◆ Directions for this task: Line by line, give the data again exactly as it appears, but without pictures.

◆ Available data:
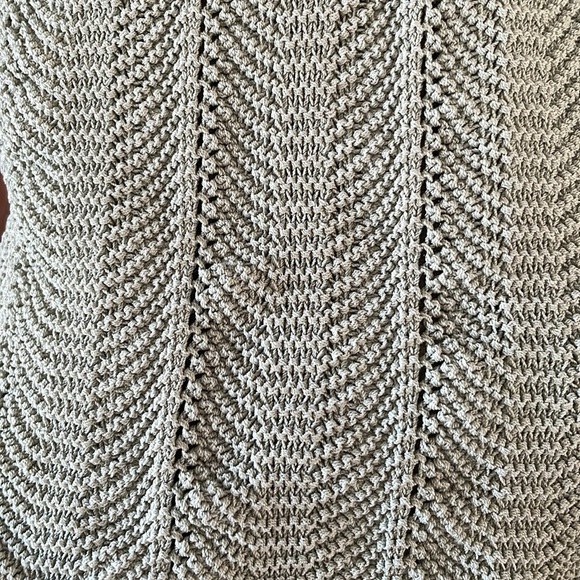 Wilfred Aritzia knit crop top - Picture 3 of 5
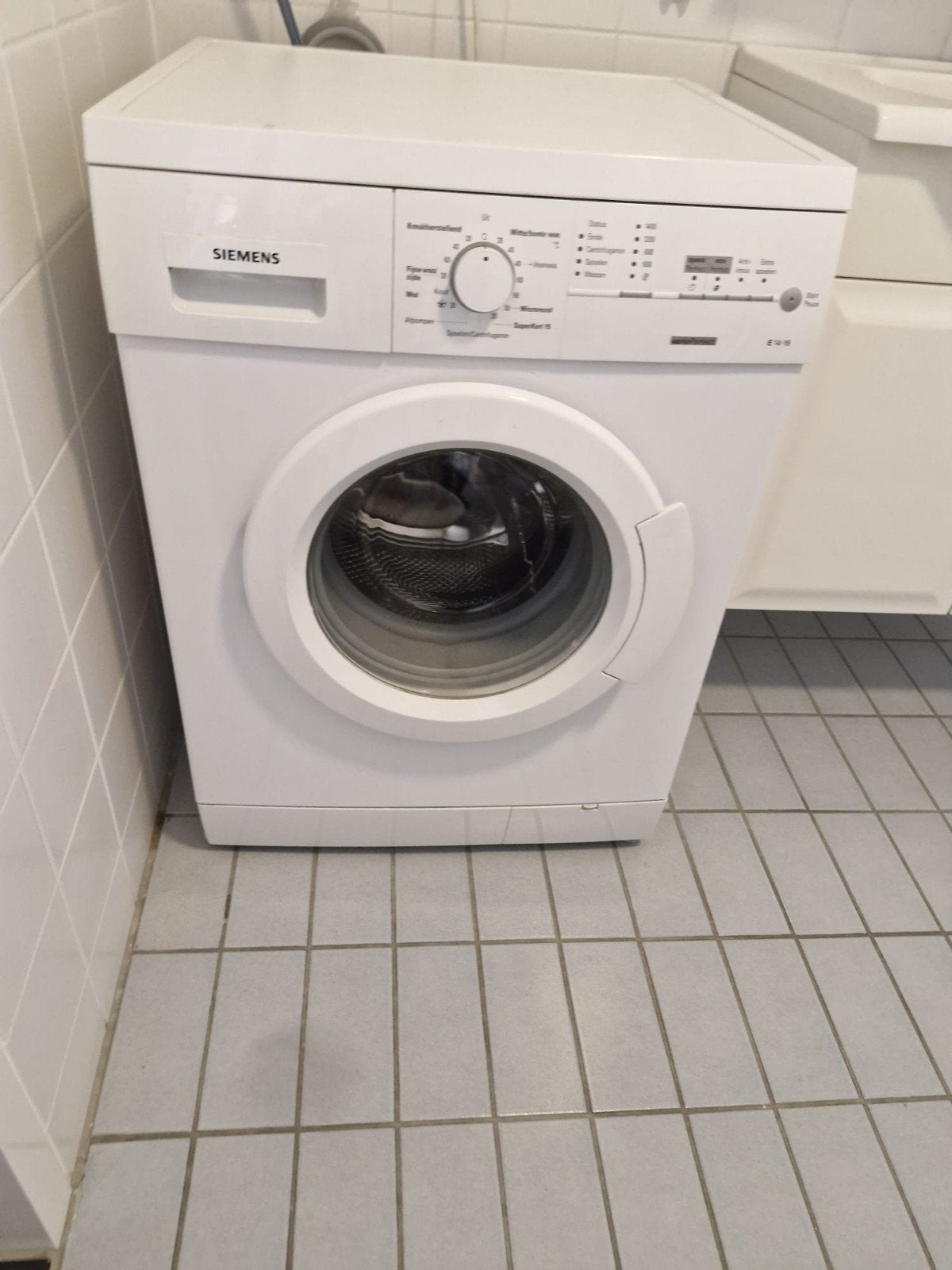 Siemens wasmachine, 1200 tot 1600 toeren, Kringloop Laares, Ophalen of Verzenden, Minkmaatstraat 126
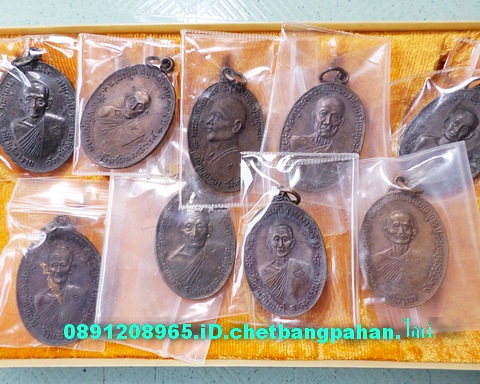 จตุรพิธพรชัย ๑ชุดพร้อมกล่อง เกจิร่วมเสก หลวงพ่อกวย หลวงปู่สี หลวงปู่โต๊ะ หลวงปู่ดู่ หลวงพ่อหน่ายฯลฯ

◆ Task answer:
 Wilfred Aritzia knit crop top - Picture 3 of 5
 Siemens wasmachine, 1200 tot 1600 toeren, Kringloop Laares, Ophalen of Verzenden, Minkmaatstraat 126
 จตุรพิธพรชัย ๑ชุดพร้อมกล่อง เกจิร่วมเสก หลวงพ่อกวย หลวงปู่สี หลวงปู่โต๊ะ หลวงปู่ดู่ หลวงพ่อหน่ายฯลฯ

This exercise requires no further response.